REPUBLIKA.CO.ID, AUSTRALIA -- Profesi apoteker di Australia tampaknya tengah menjadi target aksi penyanderaan data komputer yang dikenal dengan sebutan serangan Ransomware. Aksi kejahatan di dunia maya ini mengunci seluruh data arsip di komputer korban dan meminta tebusan. Setahun belakangan sudah belasan apoteker menjadi korban.
Serangan penyanderaan komputer ini dimulai ketika peretas menanamkan virus di dalam sistem komputer korban yang kemudian secara perlahan-lahan akan mengunci semua file yang tersimpan di komputer tersebut sehingga tidak bisa diakses. Korban lalu diberikan tenggat waktu tertentu untuk membayar tebusan sebelum seluruh file di komputernya yang sudah dibajak dimusnahkan.
Mengingat saat ini apoteker telah beralih ke teknologi digital, catatan kesehatan yang mereka miliki menjadi sasaran empuk pelaku kejahatan penyanderaan online seperti ini.
Dewan Farmasi Australia menerbitkan peringatan mengenai ancaman kejahatan penyanderaan 'Ransomware' ini. Setidaknya sudah 10 orang apoteker di Australia menjadi sasaran serangan penyanderaan Ransomware dalam kurun waktu 18 bulan terakhir.
Kepala Dewan Farmasi Australia, Stephen Marty mengatakan apoteker perlu waspada mengenai bahaya yang akan terjadi jika catatan kesehatan pasien ini dikompromikan. "Jika serangan seperti ini terjadi mereka tidak bisa memastikan keamanan pasien dalam hal pengobatan sebelumnya dan lain sebagainya,” katanya.
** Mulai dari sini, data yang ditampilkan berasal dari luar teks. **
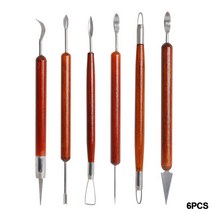 초급 점토 도자기 세라믹 조각 도구 목공 키트 DIY 목재 공예 모델링 6 개/세트, 01 6PCS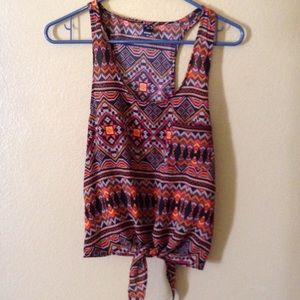 Tank top tribal orange and black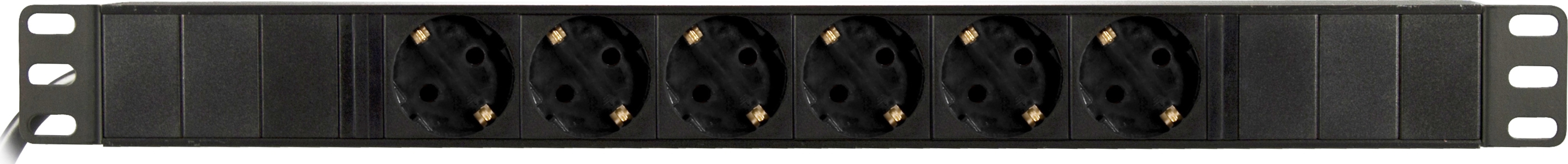 DELTACO Strømskinne, 6xCEE 7/4, 1xCEE 7/7, 2 m kabel, svart (GT-8528)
"Jika filenya terhapus pasien tidak bisa lagi mengakses semua data kesehatan dirinya yang mungkin diperlukan beberapa tahun ke depan karena catatan kesehatan mereka telah dikunci oleh pembajak online ini,” katanya.
Pusat Kesehatan Keluarga Miami di Gold Coast pernah menjadi korban serangan pembajakan online Ransomware ini. Namun pemiliknya David Woods menolak membayar tebusan dan berhasil memulihkan sistem di komputernya karena memiliki salinan data.
David Woods menyayangkan tidak adanya pedoman bagi pengusaha untuk mengamankan dokumen mereka dari kejahatan ini.